Aside from introducing more traditional offerings, Smith says the company also engages its subscribers – which number around 350,000 – to ask them what kind of wines they would like to see on the site.
“The customers can talk to winemakers, they can message each other, they can set up groups together – it’s like social media. And we email them quite regularly – not with a hard sell – it could be about anything – a sustainability initiative, a charitable initiative… We asked them where we should go and explore to find new wines.
“We got a huge amount of engagement back and we were able to pick out some interesting patterns – lots of people saying they were interested in wines from Georgia, so Ray [O’Connor MW, wine director] has done quite a lot of work – he did a road trip with lots of pictures on Instagram and the website. We got loads of customer engagement through that.”
Smith tells similar stories for Germany and Greece, and he says “the beauty of it” is that customers are invested in the process because they have been a part of it.
“They follow you, they can follow the winemaker and then they are notified when the wine comes in.”
When it comes to talking about what’s falling out of favour, in terms of grape varieties or countries of origin, Smith says traditional New World, such as old-style Aussie Shiraz and “some South American wines”.
While he acknowledges there are consumers that want these wines, he says Naked isn’t looking to grow that part of the portfolio, as “it’s already covered”.
The red partner to the Custoza Bianca is a Bardolino – a light, fresh and unoaked wine at 13% abv. Smith says lowering ABV is important.
“It’s a slightly generational thing,” he says of lower abvs. “I think the older, more traditional customers are still not so worried about that kind of thing. But as younger consumers come through, they are focused on that, just as they’re focused on ingredients in their food. I think it is part of that conversation.”
It’s impossible to do an interview in the current climate without talking about both the supply chain and the cost-of-living crisis. And, unfortunately, how the two are pushing up prices.
Smith says it’s a “shaky and uncertain time”, and the “shape of things hasn’t been borne out in data yet”.
“Everyone is trying to second guess what will happen. The cost-of-living crisis coupled with large inflation in the supply chain is a double whammy for us. We’ve seen a huge amount of cost increase in shipping, fuel surcharges – just like everyone has.”
He also mentions energy surcharges at glass plants and glass availability.
“We’ve worked to support our winemakers – we’ve haven’t said ‘we agreed pricing, tough luck’. I suspect there would have been some of that pressure elsewhere in the market.”
What this means is that around 15% of the range has gone up in price this year.
“We no longer do £6.99 as a price point, just to put that into context,” he says, pointing to £7.99 as the new entry price.
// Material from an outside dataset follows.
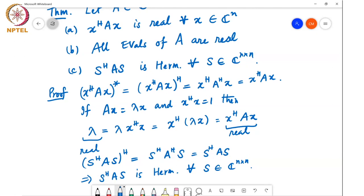The thing to think about now is whether the converse is true. Suppose you computed X Hermitian AX and found it is real for all X in ℂⁿ — does it mean A must be Hermitian symmetric? Likewise, suppose you found all eigenvalues of A are real-valued — does it mean A is Hermitian symmetric? We'll come to that in a few minutes.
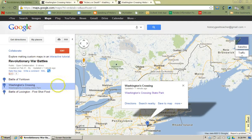So just a couple of neat things you can do to add some dynamic content to your Google Map placemark. You can have your students do that or you could do it yourself — either way, you're going to come up with a great map at the end.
For Smith and Naked, the “sweet spot” for wine is £9-12, which Smith explains represents a kind of “equilibrium” in terms of duty, VAT and the value of the liquid in a glass bottle.
“When I started, we wanted to premiumise the range. We won’t step back from the sweet spot, but we will need to reflect on the range as things progress. We’ll do it the Naked way – look at unusual places to find value.” He points over to the tasting table and a Pinot Grigio from Moldova, which “punches so above its weight” for £7.99.
“And because we engage our customers in those decisions, we get a bit more buy-in than when a supermarket might put a wine on the shelf from some unusual country. That’s our USP.”